G-SciEdBERT: A Contextualized LLM for Science Assessment Tasks in German
Ehsan Latif, Gyeong-Geon Lee, Knut Neumann, Tamara Kastorff, Xiaoming Zhai
TL;DR
This work addresses the challenge of automatically scoring German-written science responses by introducing G-SciEdBERT, a domain-specific, contextualized LLM built on G-BERT. It uses domain-focused pre-training on over 30,000 student responses from PISA 2018 and fine-tuning on 27–32 items from PISA datasets, leveraging a [CLS] embedding derived from a fixed G-BERT encoder to handle long inputs, followed by a linear softmax classifier.

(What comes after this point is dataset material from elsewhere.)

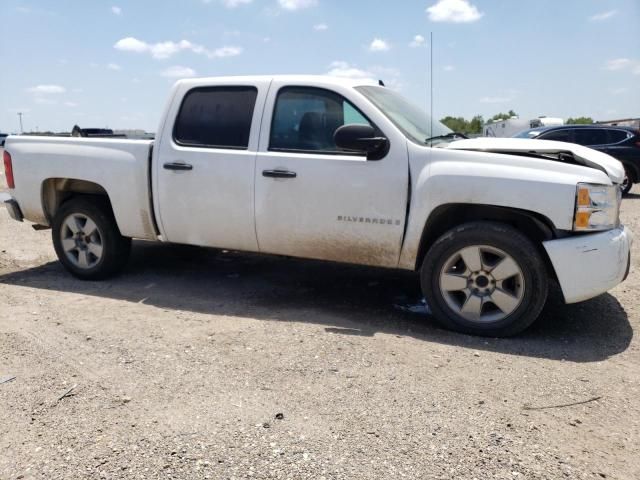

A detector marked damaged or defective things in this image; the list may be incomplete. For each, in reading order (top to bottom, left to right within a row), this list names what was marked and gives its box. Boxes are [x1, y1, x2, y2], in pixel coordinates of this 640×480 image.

crumpled hood [448, 139, 624, 186] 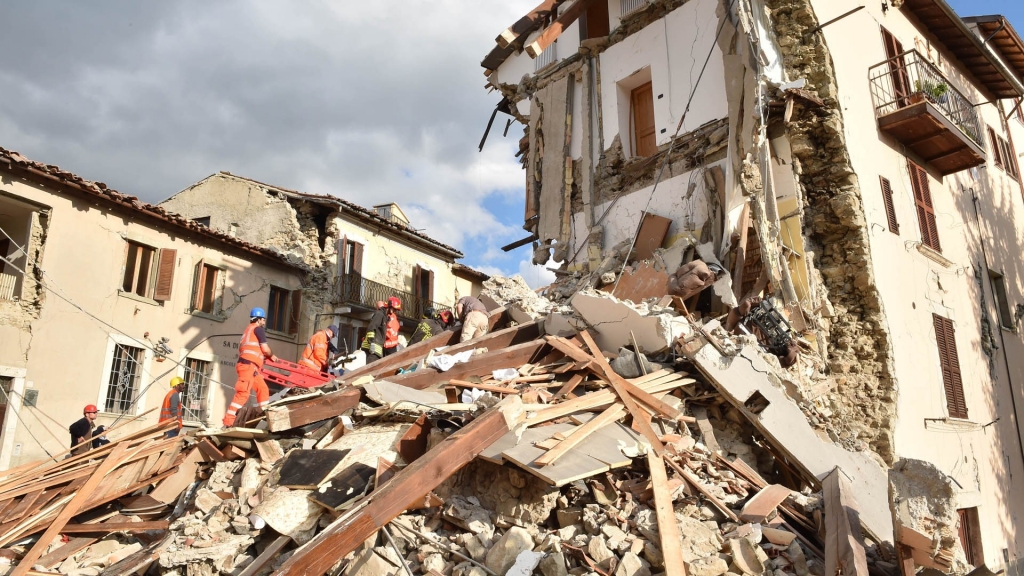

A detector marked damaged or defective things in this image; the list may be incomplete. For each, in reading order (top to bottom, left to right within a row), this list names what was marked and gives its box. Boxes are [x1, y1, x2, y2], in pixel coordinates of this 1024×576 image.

Empirical results show a significant improvement over G-BERT, with an average quadratic weighted Kappa increase of $0.1026$ (≈10.2%), and robust performance across longer sentences and technical terminology, including a notable 14.1% gain on item S131Q04. The study demonstrates the value of domain-specific pre-training for automated scoring in education, provides strong evidence for cross-prompt applicability, and contributes open-source resources for reproducibility and broader adoption in educational assessment across languages and disciplines.
Abstract
The advancement of natural language processing has paved the way for automated scoring systems in various languages, such as German (e.g., German BERT [G-BERT]). Automatically scoring written responses to science questions in German is a complex task and challenging for standard G-BERT as they lack contextual knowledge in the science domain and may be unaligned with student writing styles. This paper presents a contextualized German Science Education BERT (G-SciEdBERT), an innovative large language model tailored for scoring German-written responses to science tasks and beyond. Using G-BERT, we pre-trained G-SciEdBERT on a corpus of 30K German written science responses with 3M tokens on the Programme for International Student Assessment (PISA) 2018. We fine-tuned G-SciEdBERT on an additional 20K student-written responses with 2M tokens and examined the scoring accuracy. We then compared its scoring performance with G-BERT. Our findings revealed a substantial improvement in scoring accuracy with G-SciEdBERT, demonstrating a 10.2% increase of quadratic weighted Kappa compared to G-BERT (mean difference = 0.1026, SD = 0.069). These insights underline the significance of specialized language models like G-SciEdBERT, which is trained to enhance the accuracy of contextualized automated scoring, offering a substantial contribution to the field of AI in education.